Meyer, a graduate of the Berlin University of the Arts and based in both Tokyo and Berlin, provided lectures in both English and Japanese, and critiqued each student's work individually on both days. Twenty-three students joined the van Gogh seminar, while nineteen students were present to learn about Picasso.
Meyer began the first session with an introduction of van Gogh's short yet legendary life. She then showed works from different periods of his career and photos of the area where he spent a large part of his time. Meyer's talk also included interpretations of the source of van Gogh's power and ability to focus, particularly in the last two years of his life. After this, it was time for participants to create sketches and drawings using their dominant hand, non-dominant hand, and finally both hands, while being inspired by Van Gogh's landscapes and pictures of southern France.
Drawings created with the dominant hand are consciously controlled and tend to be technically superior, but this consciousness is lost in case of the non-dominant hand, giving way to the intrinsic power and energy of the artist. Drawing with both hands requires the use of both the right and left sides of the brain simultaneously. "Art and creation is not about imitating or learning techniques to make products. Rather, it is essential to believe in yourself, view something wholeheartedly, and create new expressions," Meyer explained.
The second session introduced the work of Pablo Picasso through his portraits. Meyer explained that Picasso never stuck with or tried to perfect a certain technique, but instead was constantly changing and striving to create new expressions. After being inspired by Picasso's unique imagination, energy, and freedom, the participants picked up pencils and crayons themselves, diving into the world of portraits and self-portraits.

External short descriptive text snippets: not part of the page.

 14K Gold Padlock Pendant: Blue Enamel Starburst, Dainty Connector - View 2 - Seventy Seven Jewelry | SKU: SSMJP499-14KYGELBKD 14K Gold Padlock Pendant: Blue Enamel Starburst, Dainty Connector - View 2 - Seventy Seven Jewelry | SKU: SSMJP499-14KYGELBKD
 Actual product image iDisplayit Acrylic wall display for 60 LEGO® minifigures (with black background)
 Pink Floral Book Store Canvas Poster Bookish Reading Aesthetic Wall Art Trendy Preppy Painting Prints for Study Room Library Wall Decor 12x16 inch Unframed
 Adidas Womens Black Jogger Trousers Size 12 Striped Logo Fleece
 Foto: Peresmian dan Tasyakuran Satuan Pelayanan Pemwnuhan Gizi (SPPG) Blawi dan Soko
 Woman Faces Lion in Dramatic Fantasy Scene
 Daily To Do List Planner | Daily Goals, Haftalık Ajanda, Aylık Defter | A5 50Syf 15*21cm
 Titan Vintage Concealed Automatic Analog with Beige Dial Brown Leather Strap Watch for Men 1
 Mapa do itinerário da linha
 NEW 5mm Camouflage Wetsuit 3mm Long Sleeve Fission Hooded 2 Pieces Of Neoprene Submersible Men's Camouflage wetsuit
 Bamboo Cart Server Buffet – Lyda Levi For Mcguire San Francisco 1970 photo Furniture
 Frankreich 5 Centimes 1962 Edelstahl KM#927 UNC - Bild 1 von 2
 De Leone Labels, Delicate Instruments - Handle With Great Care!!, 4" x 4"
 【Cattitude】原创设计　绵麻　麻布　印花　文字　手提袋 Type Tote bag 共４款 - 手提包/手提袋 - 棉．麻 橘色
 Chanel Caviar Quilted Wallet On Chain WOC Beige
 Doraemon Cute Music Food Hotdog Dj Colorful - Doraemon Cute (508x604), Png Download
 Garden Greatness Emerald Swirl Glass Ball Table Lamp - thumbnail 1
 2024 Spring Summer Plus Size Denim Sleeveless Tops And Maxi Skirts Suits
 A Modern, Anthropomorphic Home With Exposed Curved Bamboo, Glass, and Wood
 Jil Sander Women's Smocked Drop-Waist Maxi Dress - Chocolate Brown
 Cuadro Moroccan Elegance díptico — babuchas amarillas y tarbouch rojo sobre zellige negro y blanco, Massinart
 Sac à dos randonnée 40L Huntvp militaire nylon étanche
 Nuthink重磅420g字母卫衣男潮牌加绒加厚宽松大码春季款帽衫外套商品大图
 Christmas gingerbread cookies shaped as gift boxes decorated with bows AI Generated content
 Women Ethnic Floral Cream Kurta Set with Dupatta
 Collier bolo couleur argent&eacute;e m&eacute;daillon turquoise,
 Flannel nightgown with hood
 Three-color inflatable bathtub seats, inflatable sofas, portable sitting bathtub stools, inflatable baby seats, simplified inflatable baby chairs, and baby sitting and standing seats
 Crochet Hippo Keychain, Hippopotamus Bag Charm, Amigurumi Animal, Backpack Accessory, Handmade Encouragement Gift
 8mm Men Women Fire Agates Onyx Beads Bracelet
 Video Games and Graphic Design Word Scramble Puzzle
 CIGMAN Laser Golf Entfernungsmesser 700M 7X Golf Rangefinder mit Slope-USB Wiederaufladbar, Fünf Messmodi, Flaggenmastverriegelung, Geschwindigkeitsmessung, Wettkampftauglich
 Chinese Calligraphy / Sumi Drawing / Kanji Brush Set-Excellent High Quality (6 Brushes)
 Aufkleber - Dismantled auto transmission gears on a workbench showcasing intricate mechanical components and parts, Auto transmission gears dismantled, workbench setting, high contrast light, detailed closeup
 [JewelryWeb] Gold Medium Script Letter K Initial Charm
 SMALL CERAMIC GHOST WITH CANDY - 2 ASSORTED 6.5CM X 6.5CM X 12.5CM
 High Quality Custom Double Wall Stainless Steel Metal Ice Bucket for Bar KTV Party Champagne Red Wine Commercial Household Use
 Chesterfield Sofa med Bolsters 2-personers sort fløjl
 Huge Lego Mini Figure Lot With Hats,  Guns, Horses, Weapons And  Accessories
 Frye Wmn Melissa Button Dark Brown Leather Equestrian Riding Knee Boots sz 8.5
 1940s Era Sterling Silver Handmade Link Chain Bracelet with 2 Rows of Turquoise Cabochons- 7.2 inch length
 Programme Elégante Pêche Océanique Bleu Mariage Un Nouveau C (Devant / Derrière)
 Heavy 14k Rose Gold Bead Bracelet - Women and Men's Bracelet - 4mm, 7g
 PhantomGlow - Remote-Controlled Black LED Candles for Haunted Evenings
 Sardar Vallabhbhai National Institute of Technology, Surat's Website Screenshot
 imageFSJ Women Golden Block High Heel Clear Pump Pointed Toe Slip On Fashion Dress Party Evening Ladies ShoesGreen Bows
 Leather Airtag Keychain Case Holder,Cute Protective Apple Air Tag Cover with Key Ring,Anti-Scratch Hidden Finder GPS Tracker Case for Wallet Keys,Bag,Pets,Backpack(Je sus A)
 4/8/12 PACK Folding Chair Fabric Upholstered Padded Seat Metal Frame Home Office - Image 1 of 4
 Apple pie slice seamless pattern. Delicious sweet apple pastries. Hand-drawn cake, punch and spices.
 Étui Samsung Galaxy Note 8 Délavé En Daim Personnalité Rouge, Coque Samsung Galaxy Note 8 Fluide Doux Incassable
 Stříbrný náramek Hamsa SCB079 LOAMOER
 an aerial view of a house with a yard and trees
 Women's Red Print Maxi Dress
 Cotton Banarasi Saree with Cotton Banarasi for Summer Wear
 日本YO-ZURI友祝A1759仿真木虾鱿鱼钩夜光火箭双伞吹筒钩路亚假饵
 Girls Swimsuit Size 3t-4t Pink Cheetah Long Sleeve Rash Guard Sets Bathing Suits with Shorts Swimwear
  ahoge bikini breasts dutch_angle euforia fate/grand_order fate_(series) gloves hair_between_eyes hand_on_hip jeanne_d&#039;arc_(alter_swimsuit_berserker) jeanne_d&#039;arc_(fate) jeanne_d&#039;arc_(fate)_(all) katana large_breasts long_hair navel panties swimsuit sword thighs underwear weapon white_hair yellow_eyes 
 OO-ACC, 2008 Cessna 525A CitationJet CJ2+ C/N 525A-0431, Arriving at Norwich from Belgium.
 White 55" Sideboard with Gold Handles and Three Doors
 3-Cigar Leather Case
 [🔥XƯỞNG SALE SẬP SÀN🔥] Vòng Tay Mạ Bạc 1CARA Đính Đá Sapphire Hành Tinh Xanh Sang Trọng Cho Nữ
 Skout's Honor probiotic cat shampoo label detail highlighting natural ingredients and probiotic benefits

After two hours of drawing time, the room was a different place. None of the participants could believe the unique creations that had emerged. "Art is not like the Olympics. It is fine if everyone's creation is different. Every piece of art has its good sides," Meyer concluded. By viewing each creation as a group and listening to Meyer's critical commentary, the participants were able to realize the rich, individual diversity existing in each piece.
The satisfaction of the participants was evident from the comments left during the post-event surveys.
Allowing the creativity of each individual to shine is an important factor in science and technology research. To ensure that Tokyo Tech students — many of whom will soon become researchers and engineers — have constant opportunities and outlets to express themselves, the Student Support Center will continue to organize extracurricular activities such as the Art with an Artist seminar.